---------- SUPPLIED MATERIAL

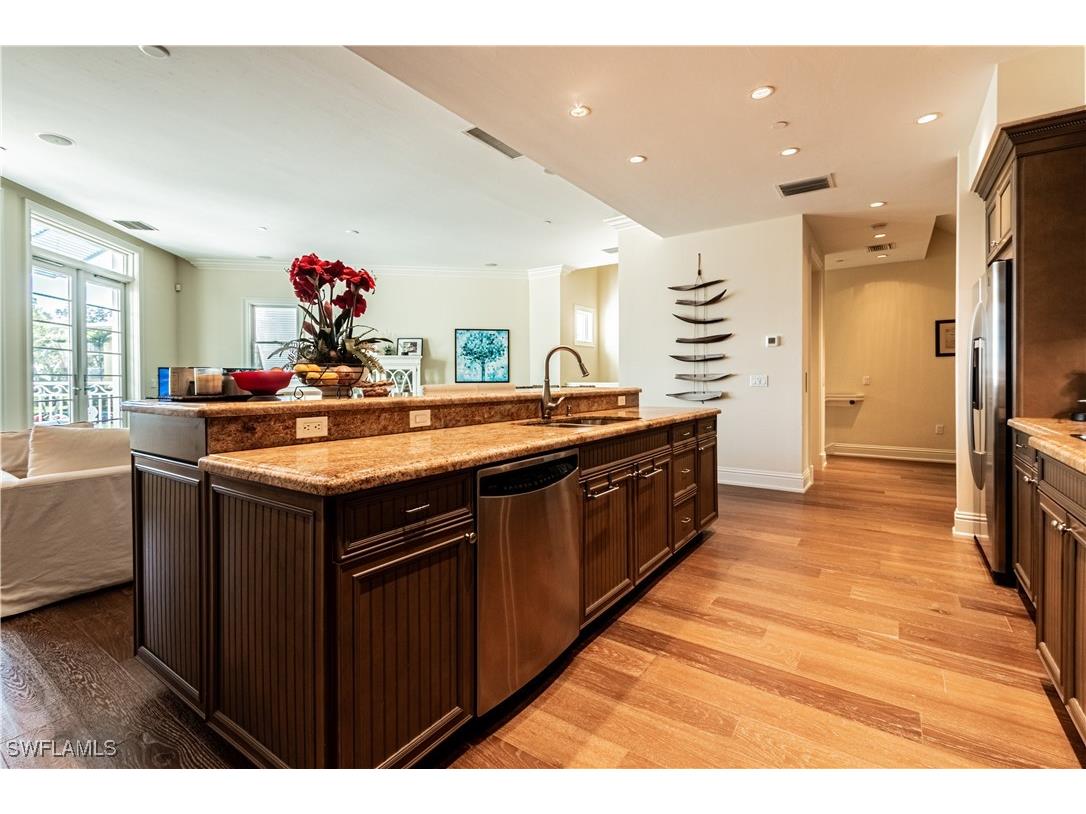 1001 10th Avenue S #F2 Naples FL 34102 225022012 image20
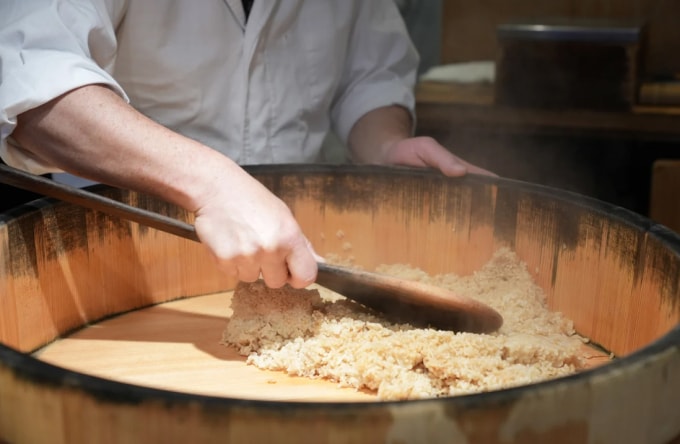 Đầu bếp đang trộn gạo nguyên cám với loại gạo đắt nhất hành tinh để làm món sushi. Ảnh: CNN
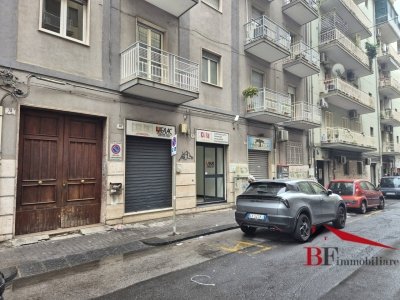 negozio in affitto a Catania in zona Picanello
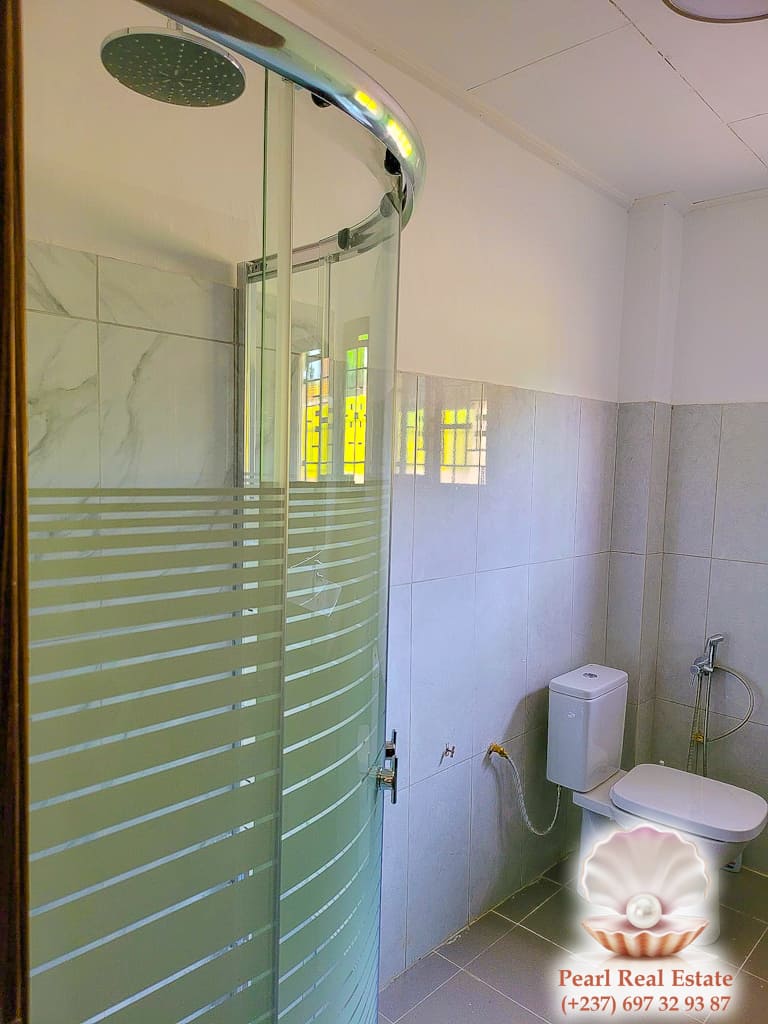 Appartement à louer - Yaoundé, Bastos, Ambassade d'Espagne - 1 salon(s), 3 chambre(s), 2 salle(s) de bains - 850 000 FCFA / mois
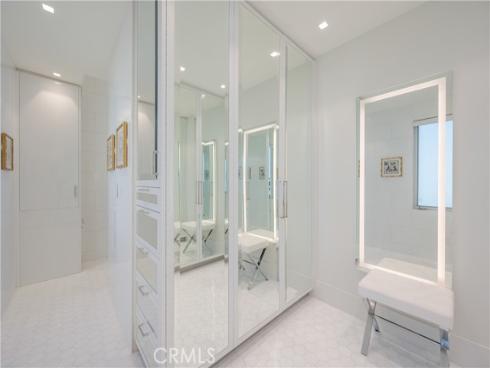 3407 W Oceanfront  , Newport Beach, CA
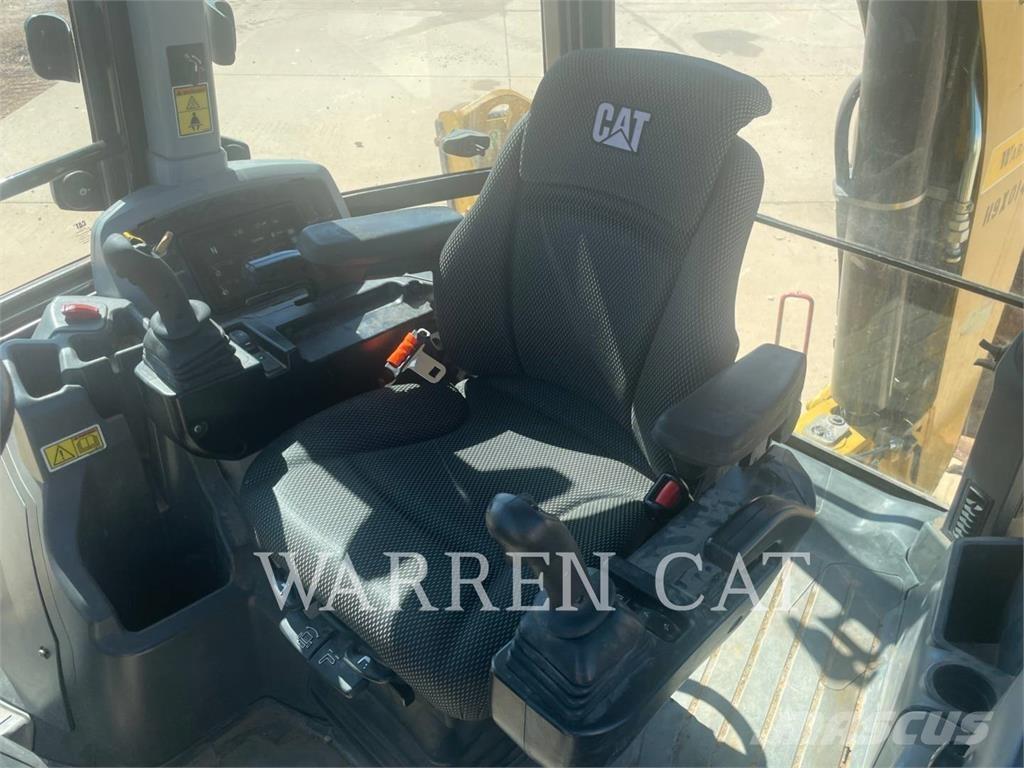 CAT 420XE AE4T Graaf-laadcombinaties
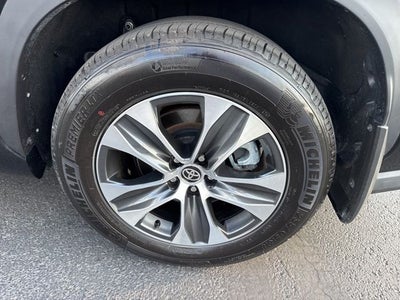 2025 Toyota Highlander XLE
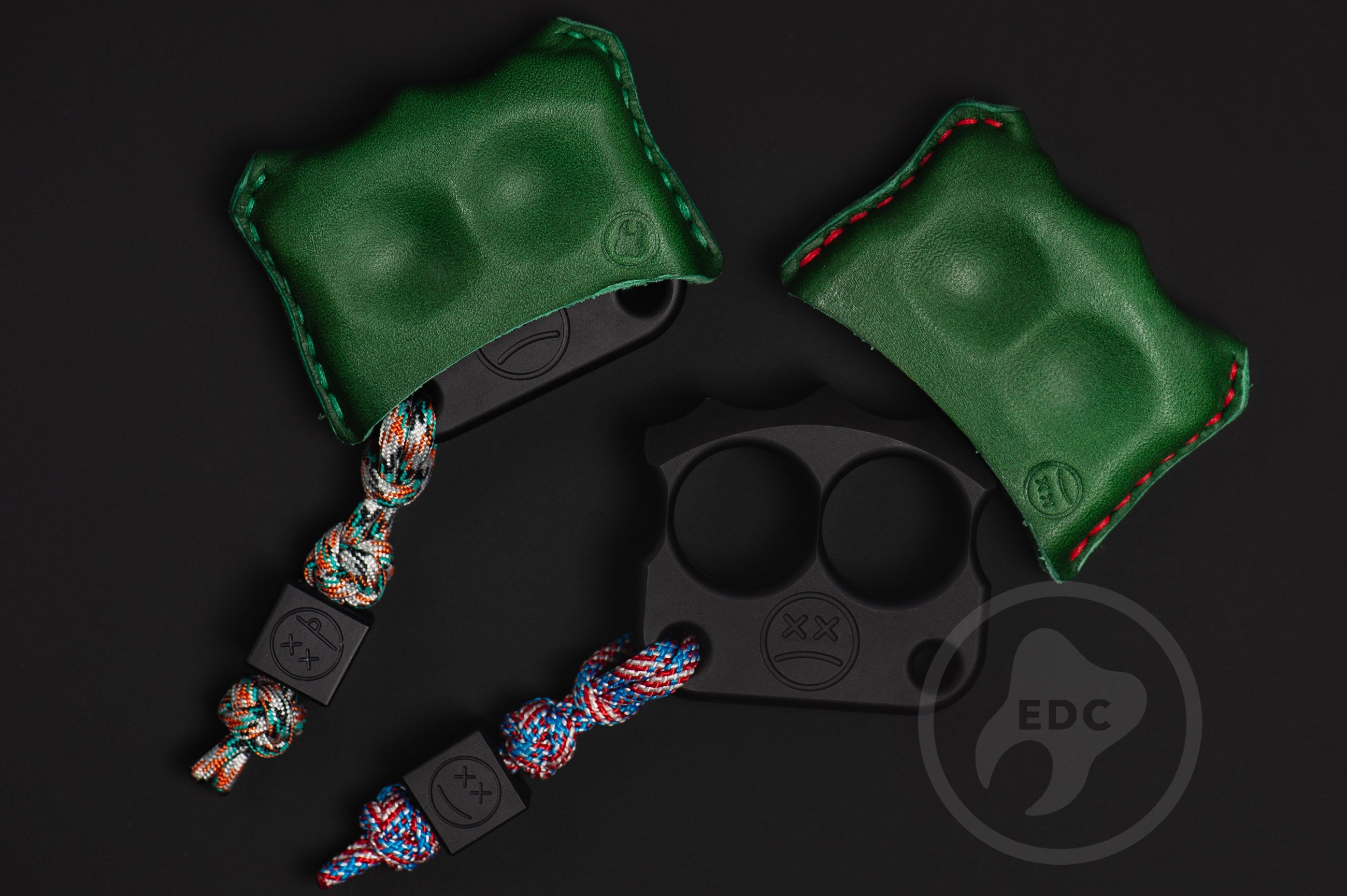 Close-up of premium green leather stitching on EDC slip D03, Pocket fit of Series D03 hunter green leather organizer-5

--------------------

WORK ITEM → Starting at the top of the listing above, please restate word for word each line up to and including the one that holds "negozio in affitto", omitting every image.

ANSWER TO THE EXERCISE →
 1001 10th Avenue S #F2 Naples FL 34102 225022012 image20
 Đầu bếp đang trộn gạo nguyên cám với loại gạo đắt nhất hành tinh để làm món sushi. Ảnh: CNN
 negozio in affitto a Catania in zona Picanello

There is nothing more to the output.